(Work item): Copy the listing below exactly, but skip the pictures.

(Dataset content):
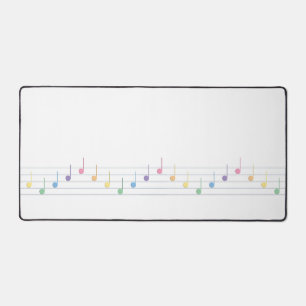 Spring Melody (Linear) Schreibtischunterlage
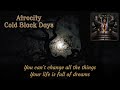Atrocity - Cold Black Days (lyrics on screen)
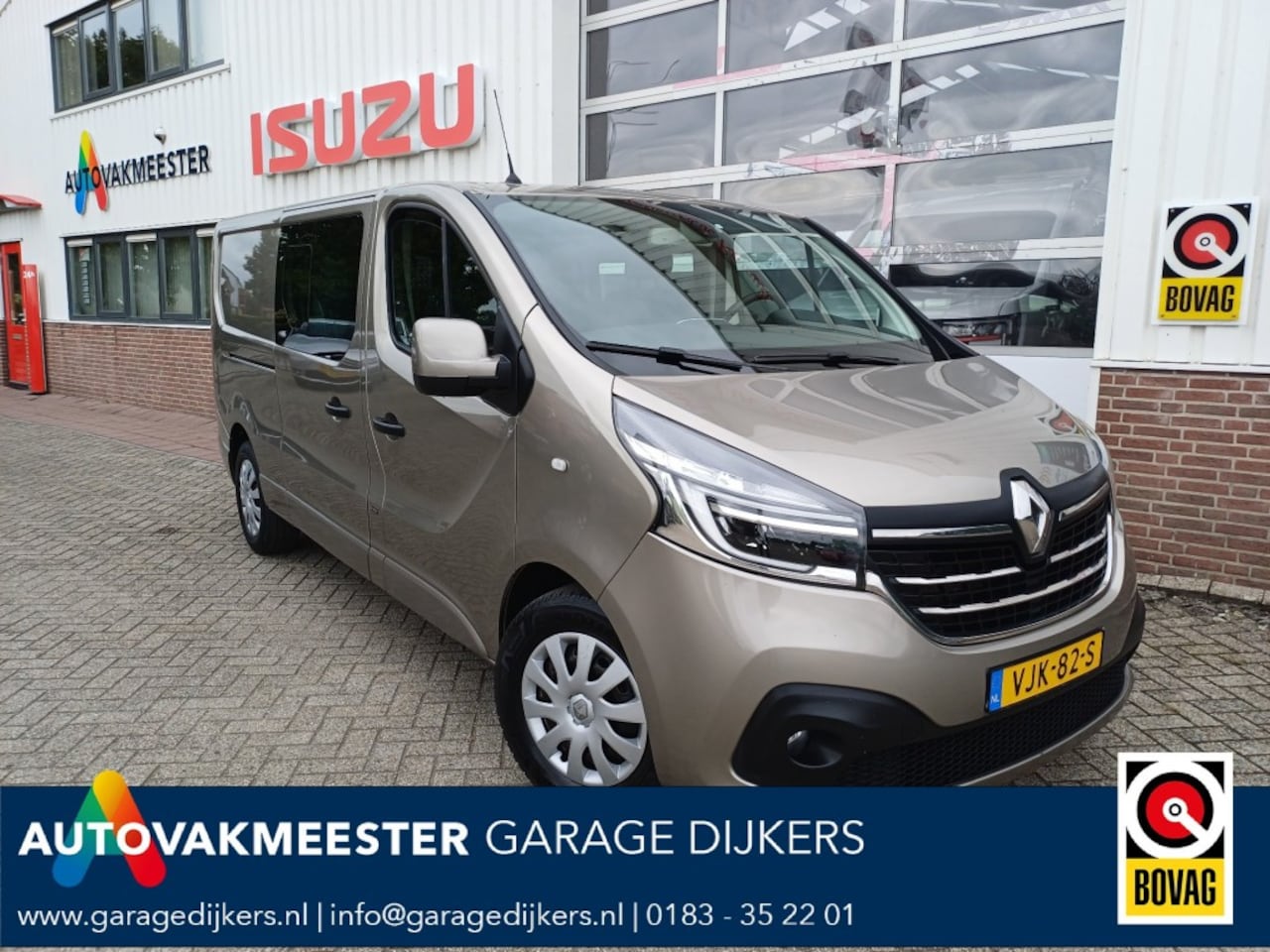 Renault Trafic - T29 DC Energy 145 Pk Work Edition Dubbele Cabine 2x schuifdeur - AutoWereld.nl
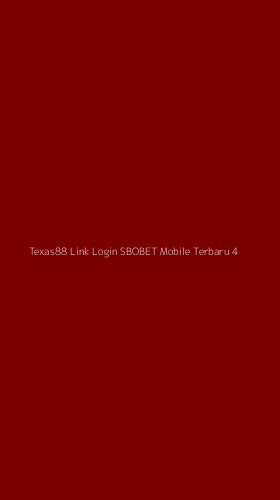 Tampilan Antarmuka Aplikasi Texas88 Link Login Sbobet Mobile Terbaru - 4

(Written reply):
 Spring Melody (Linear) Schreibtischunterlage
Atrocity - Cold Black Days (lyrics on screen)
 Renault Trafic - T29 DC Energy 145 Pk Work Edition Dubbele Cabine 2x schuifdeur - AutoWereld.nl
 Tampilan Antarmuka Aplikasi Texas88 Link Login Sbobet Mobile Terbaru - 4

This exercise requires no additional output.